■ DATA BELOW
Content starts

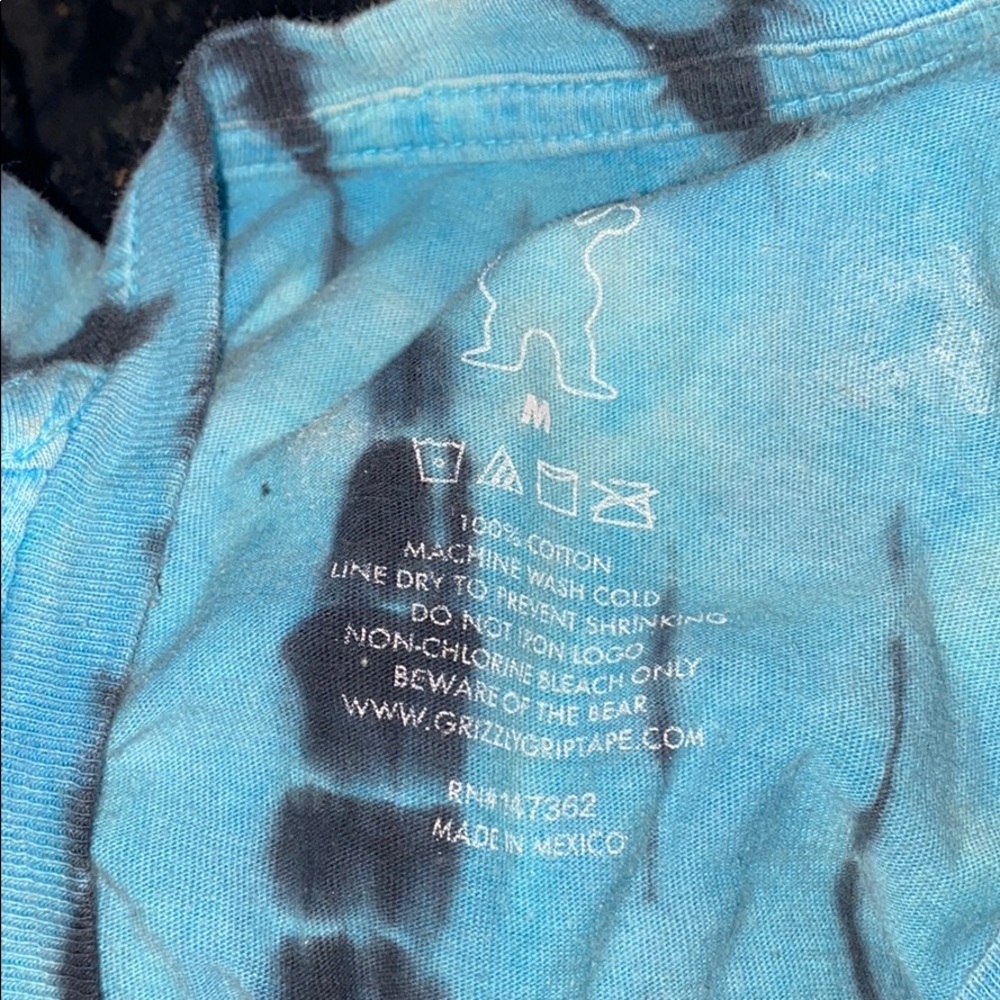 Shirt - Picture 2 of 3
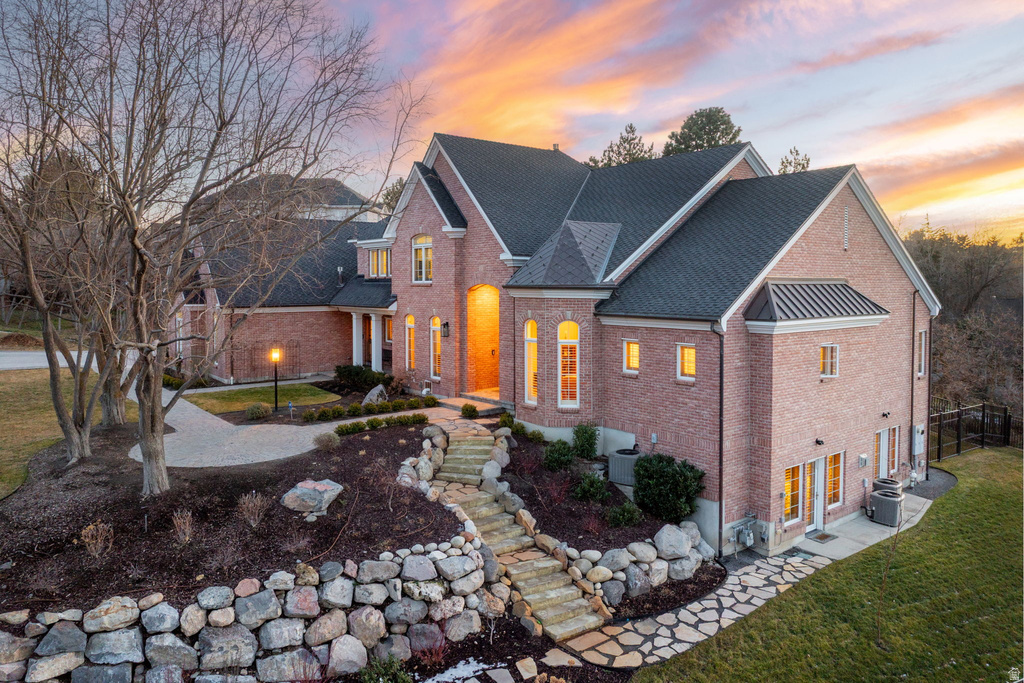 8266 S CREEK HOLLOW CV Cottonwood Heights, UT 84093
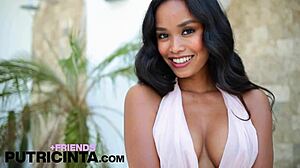 Putri Cinta Exposes Her Gorgeous Tanned Body!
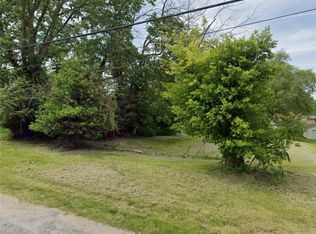 440 Elm St, Mount Zion, IL 62549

Content ends

■ WHAT THE TASK ASKS
Output every line above exactly as it stands, and drop any picture.

■ EXERCISE SOLUTION
 Shirt - Picture 2 of 3
 8266 S CREEK HOLLOW CV Cottonwood Heights, UT 84093
 Putri Cinta Exposes Her Gorgeous Tanned Body!
 440 Elm St, Mount Zion, IL 62549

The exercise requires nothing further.